*** Exercise input ***

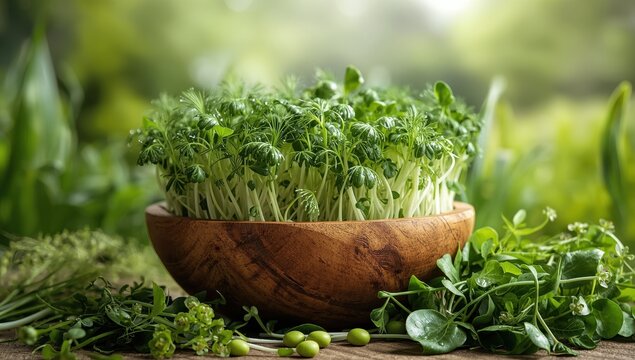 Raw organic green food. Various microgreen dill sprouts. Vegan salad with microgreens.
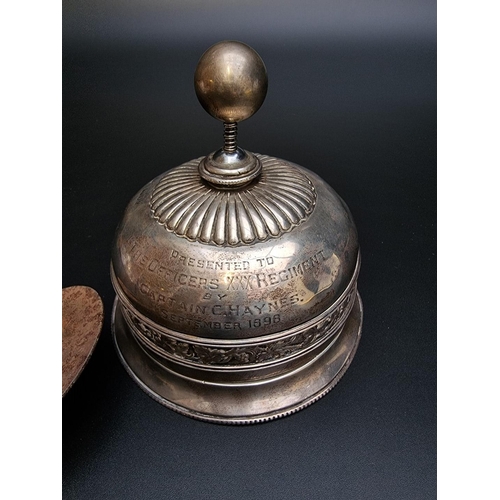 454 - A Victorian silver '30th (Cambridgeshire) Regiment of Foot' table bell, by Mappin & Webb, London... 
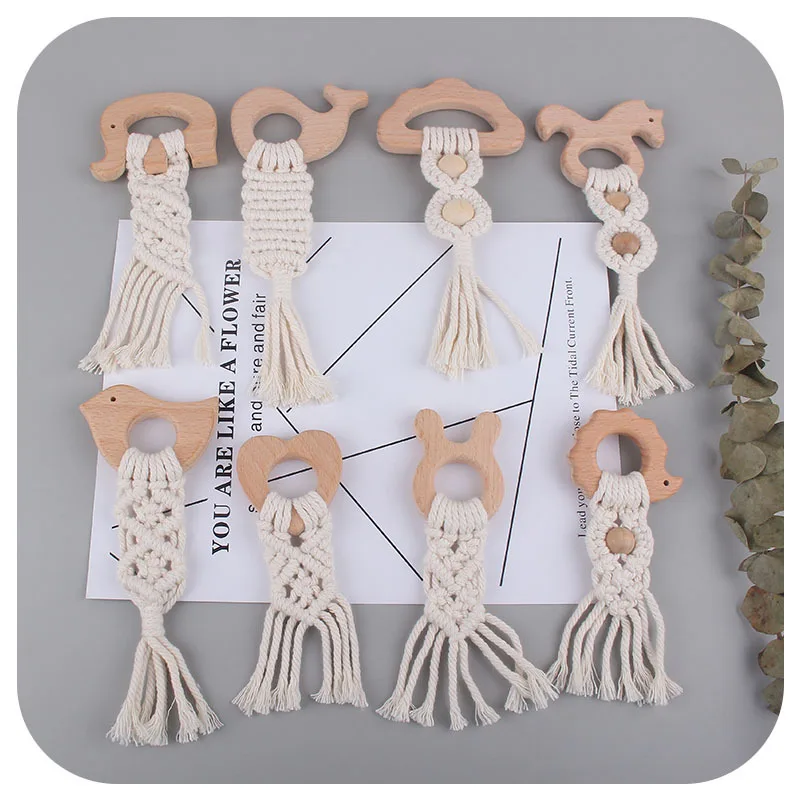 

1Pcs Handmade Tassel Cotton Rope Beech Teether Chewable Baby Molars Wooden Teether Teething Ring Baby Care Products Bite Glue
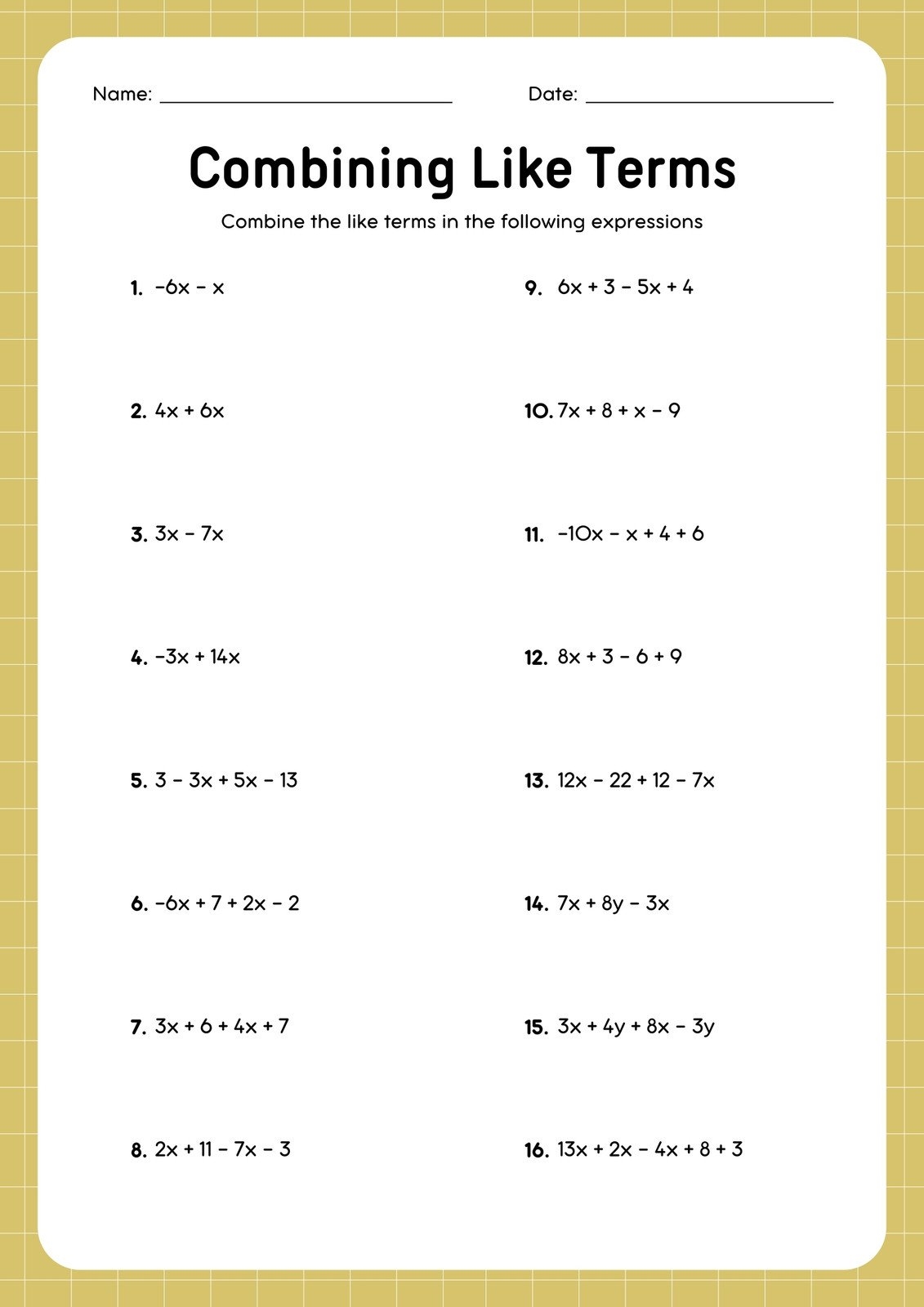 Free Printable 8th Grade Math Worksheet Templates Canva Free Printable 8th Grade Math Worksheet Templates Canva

*** End of Exercise input ***
*** Exercise input ***

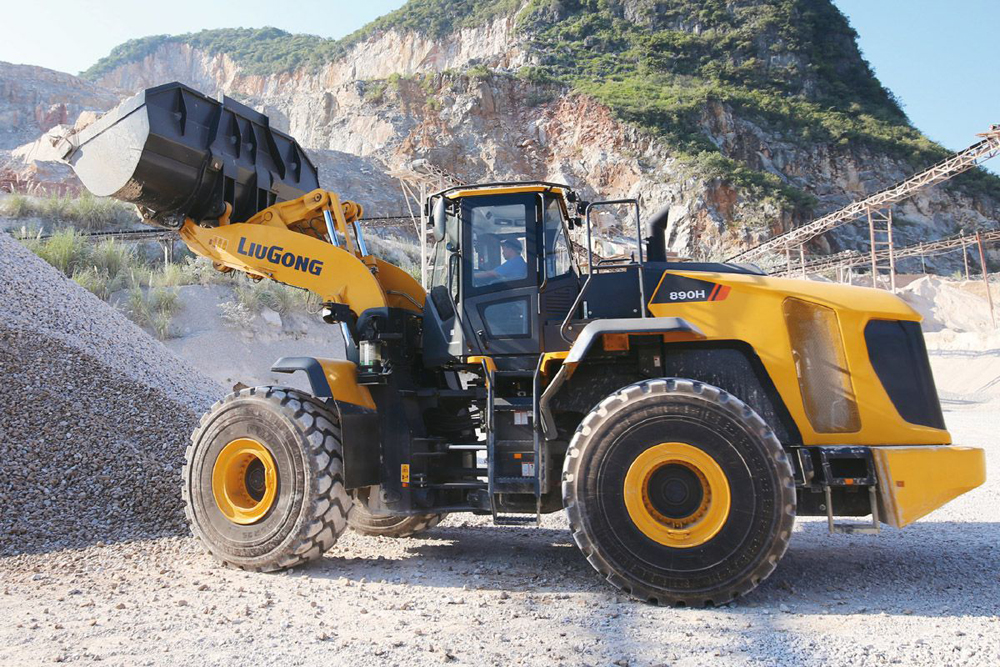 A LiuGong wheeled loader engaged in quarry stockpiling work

*** End of Exercise input ***
*** Exercise input ***

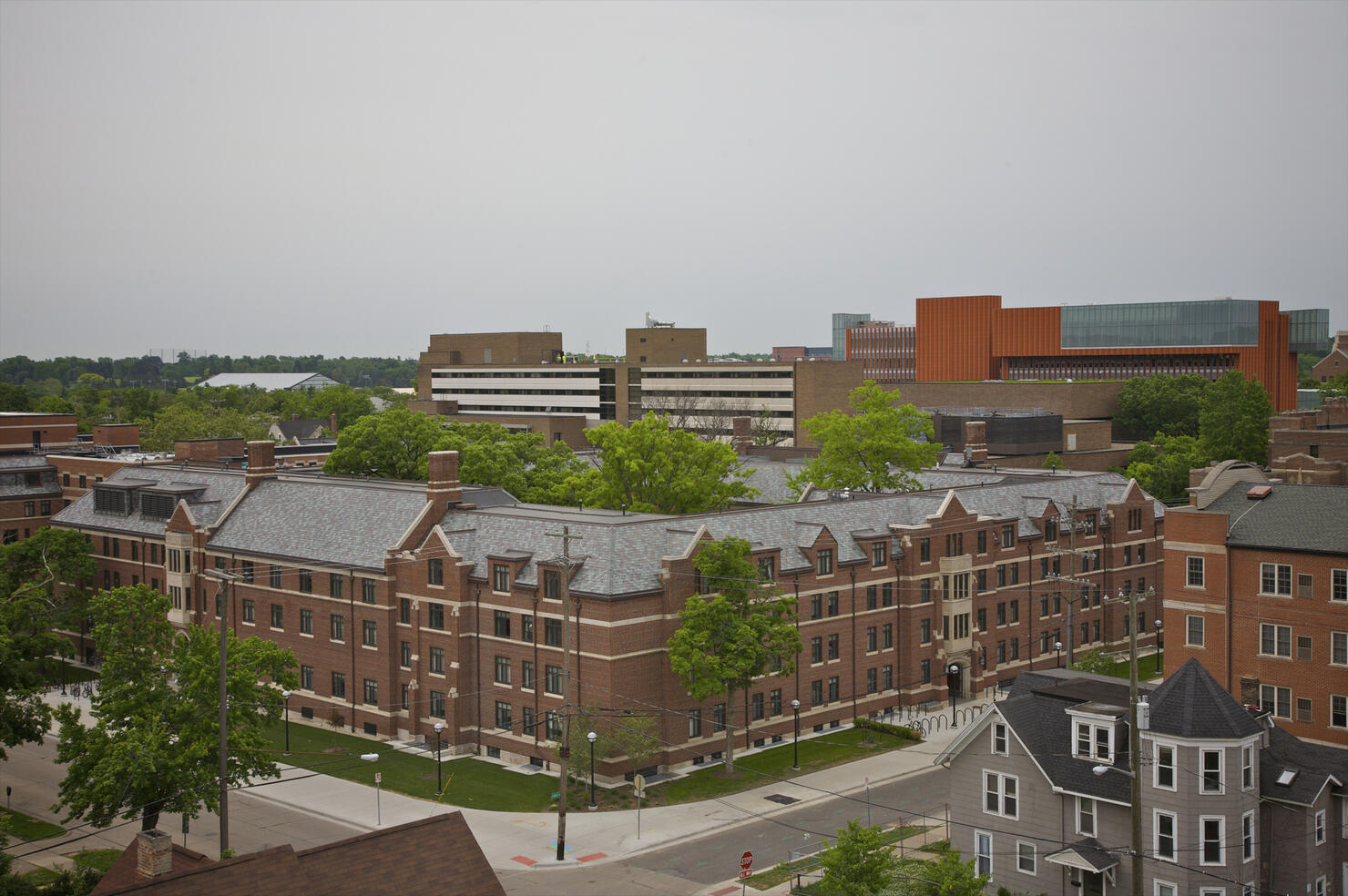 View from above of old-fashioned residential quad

*** End of Exercise input ***

### Task brief
When you reach the line with "Raw organic green" in the records above, begin repeating the lines exactly, and stop after the line with "Free Printable 8th Grade Math Worksheet Templates Canva Free". Skip all pictures.

### Answer to this problem
 Raw organic green food. Various microgreen dill sprouts. Vegan salad with microgreens.
 454 - A Victorian silver '30th (Cambridgeshire) Regiment of Foot' table bell, by Mappin & Webb, London... 

1Pcs Handmade Tassel Cotton Rope Beech Teether Chewable Baby Molars Wooden Teether Teething Ring Baby Care Products Bite Glue
 Free Printable 8th Grade Math Worksheet Templates Canva Free Printable 8th Grade Math Worksheet Templates Canva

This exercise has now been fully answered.